[[ Available data, beginning ]]
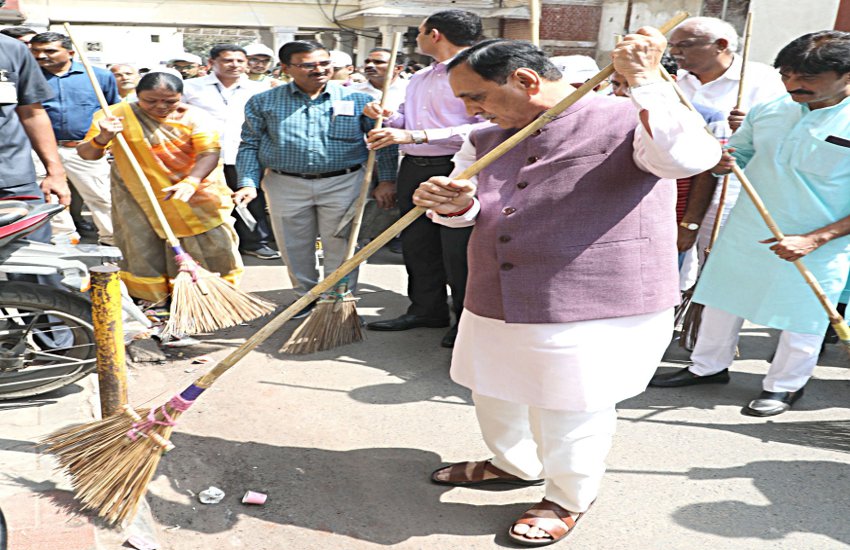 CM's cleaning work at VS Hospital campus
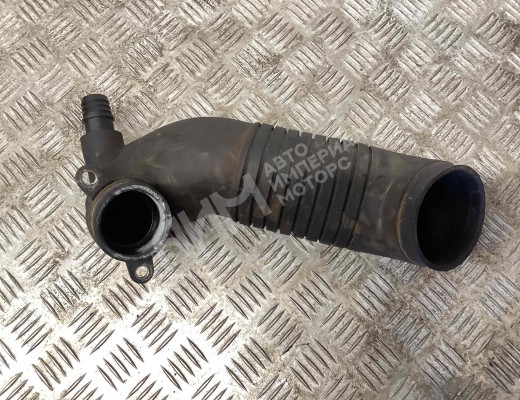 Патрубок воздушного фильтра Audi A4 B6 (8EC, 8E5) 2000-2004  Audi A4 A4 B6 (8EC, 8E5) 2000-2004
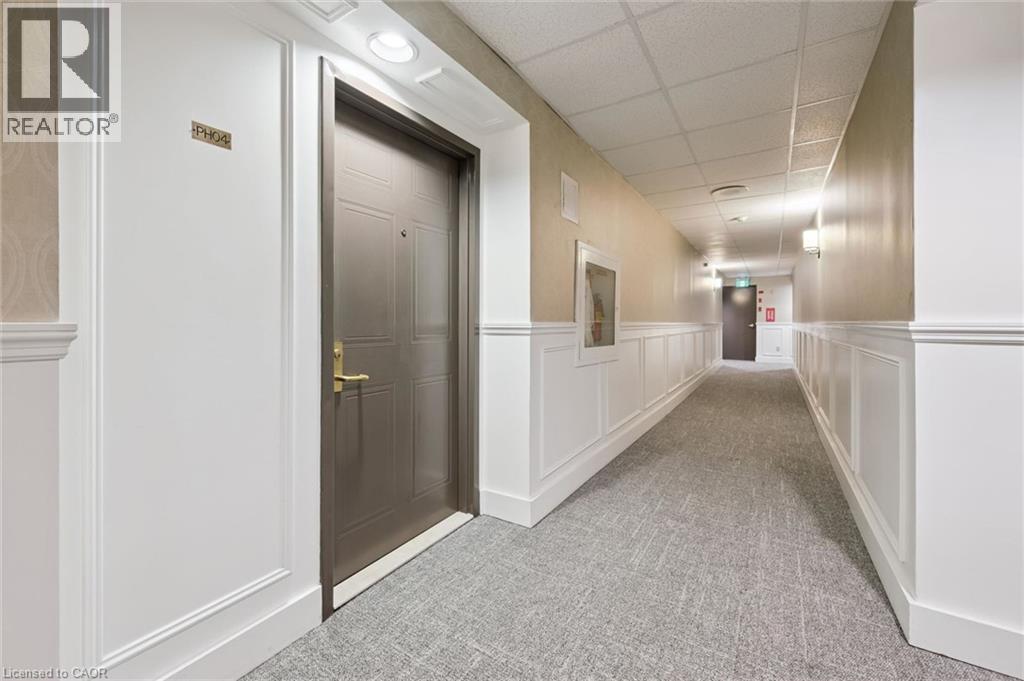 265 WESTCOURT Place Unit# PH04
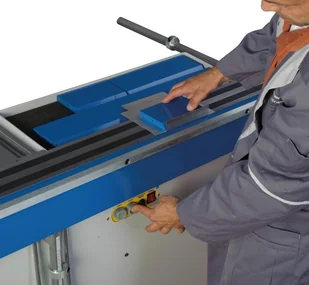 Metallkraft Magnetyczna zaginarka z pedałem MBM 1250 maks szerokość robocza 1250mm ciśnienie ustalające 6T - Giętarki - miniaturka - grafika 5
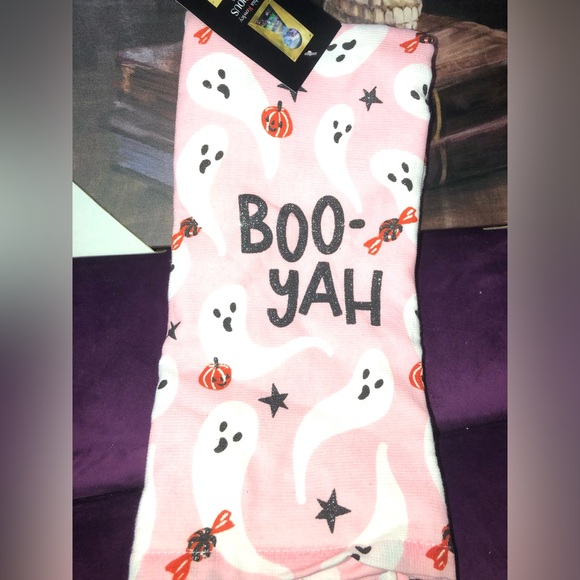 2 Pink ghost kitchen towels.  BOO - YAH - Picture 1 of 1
[[ Available data, end ]]
■ **Work instruction**: Give the lines again word for word, from the start of the records to the line holding "Metallkraft Magnetyczna zaginarka", both included, and leave out any picture.

■ **Response to the task**:
 CM's cleaning work at VS Hospital campus
 Патрубок воздушного фильтра Audi A4 B6 (8EC, 8E5) 2000-2004  Audi A4 A4 B6 (8EC, 8E5) 2000-2004
 265 WESTCOURT Place Unit# PH04
 Metallkraft Magnetyczna zaginarka z pedałem MBM 1250 maks szerokość robocza 1250mm ciśnienie ustalające 6T - Giętarki - miniaturka - grafika 5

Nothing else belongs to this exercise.